La politica, di tutti i colori, è la prima responsabile di tutti i crimini che restano impuniti.

In questa lieta giornata che segue quella in cui l’ennesima ingiustizia da parte dello stato verso i suoi cittadini è stata fatta, rivolgo un saluto cordiale a Gianni De Gennaro nominato di recente  sottosegretario ALLA SICUREZZA da QUESTO GOVERNO.


Video – il regista Vicari: “Alla Diaz fu tortura” (di I. Buscemi)

“400 poliziotti hanno compiuto un reato che in Italia non esiste, la tortura“.

La morale, in uno stato ridicolo qual è il nostro, è che su 400 criminali comandati da delinquenti fascisti  – che ancora occupano le istituzioni – che hanno potuto umiliare, mortificare, massacrare di botte gente incolpevole, che dormiva per terra, uomini, donne, ragazzi e ragazze che volevano solo manifestare pacificamente un dissenso, solo 25 sono andati a processo e la loro vita, dopo averne devastate molte, cambierà, forse, di pochissimo.

E le vittime di questo scempio, di questa sospensione dei diritti democratici e umani,  dopo undici anni non sono state nemmeno risarcite.
Smettiamola di chiamare l’Italia ‘democrazia’ o, addirittura, ‘stato di diritto’.
Perché in una democrazia e in uno stato di diritto queste cose non succedono.

La regia politica dell’operazione rimarrà a disposizione della storia ma non verrà giudicata dalla giustizia. 

Oggi Fini è diventato un amichetto dei  riformatori liberali, della gente dè sinistra, della società civile, è stato lavato e candeggiato a dovere in questi undici anni, quindi nessuno gli chiederà conto di quel che accadde nella cosiddetta cabina di regia quando lui era nientemeno che ministro della difesa di questa repubblica.

Il governo Prodi ha avuto uno dei peggiori ministri della giustizia, Clemente Mastella, che è stato attivissimo sugli indulti  che servivano a berlusconi  e ai suoi compagni di merende ma non ha trovato il tempo di approvare norme decenti sulla tortura: il parlamento non le ha volute, pretese, anzi.

Ricordiamo anche che Di Pietro non volle la commissione di inchiesta sul G8 mentre oggi si spertica nel chiedere quella sulla trattativa stato mafia.

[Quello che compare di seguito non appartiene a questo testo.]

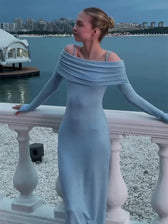 Off Shoulder Long Sleeve Bodycon Maxi Dress - View 4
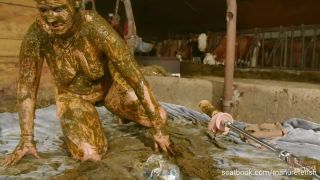 Wicked Betty In The Manure Channel - Slurry bath, Masturbate (HD)-6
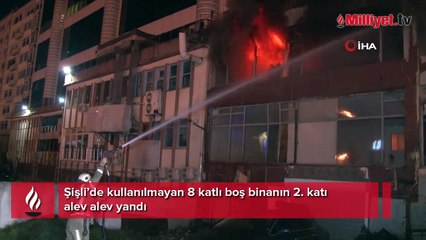 Şişli’de 8 katlı boş binanın 2’nci katı alev alev yandı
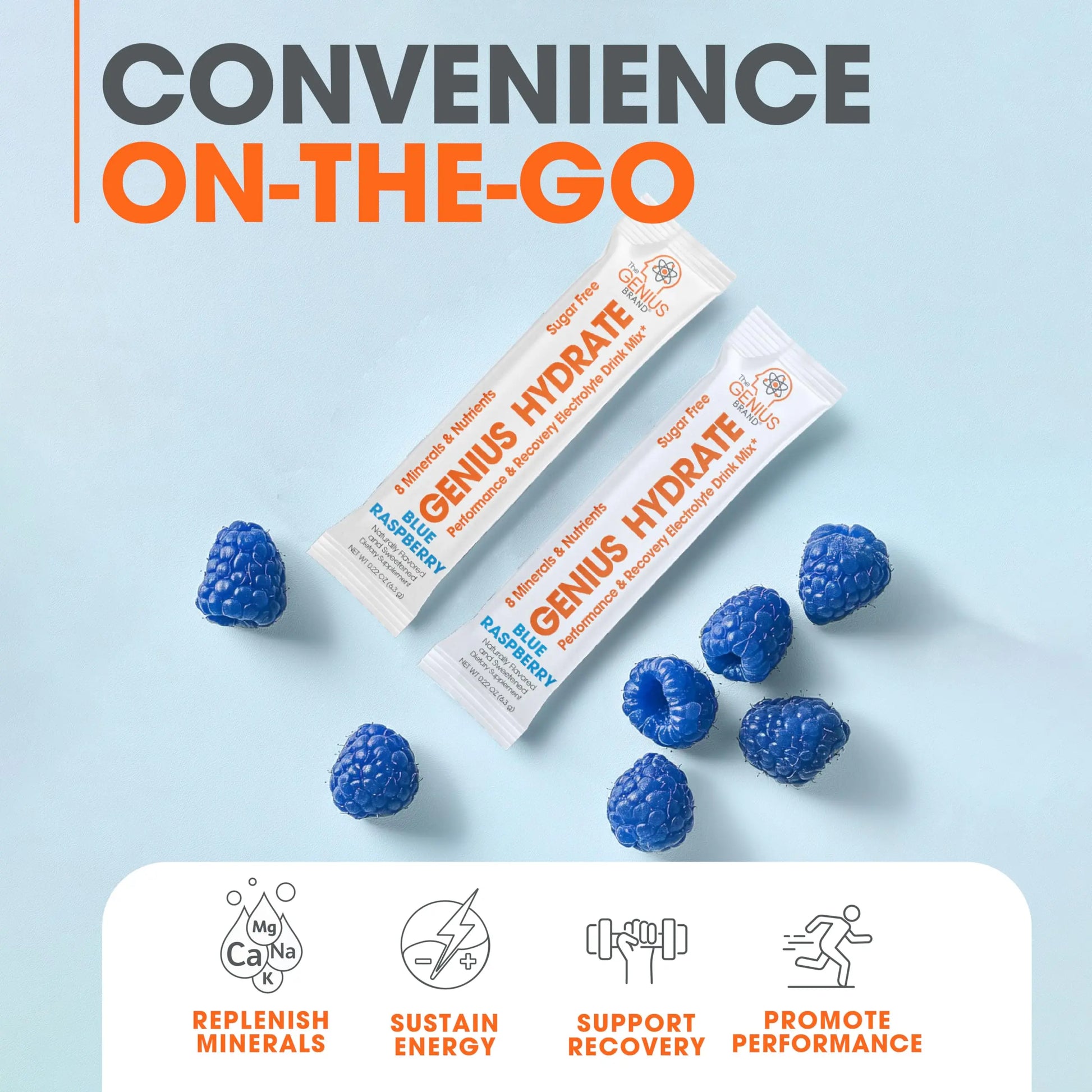 The Genius Brand - Genius Hydrate Stick Pack Powder Drink Mix – Blue Raspberry Flavor, Natural Electrolyte Booster with Coconut Water & Potassium for Ultimate Hydration - 20 Packets The Genius Brand Au supplements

Un poliziotto è come un fascista: per sempre.

Con questo combinato di attività, collusioni, menzogne, depistaggi, inciuci, pressioni,  inerzia, mentre nel frattempo i responsabili dei massacri venivano premiati, promossi,  strapagati, nonostante (o forse grazie a) quel che accadde a Bolzaneto e alla Diaz  si è sancita l’impunità, passata e futura, di un gruppo di funzionari in sostanziale continuità con una tradizione fascista non solo tollerata ma proprio incoraggiata.

Da Portella della Ginestra, passando per Piazza Fontana, Bologna, Ustica, continua la tradizione italica di insabbiamento e copertura istituzionale compiute dalle istituzioni stesse che cambiano nome ma non ruolo. Che bel paese, l’Italia. Un paese bello, da morire.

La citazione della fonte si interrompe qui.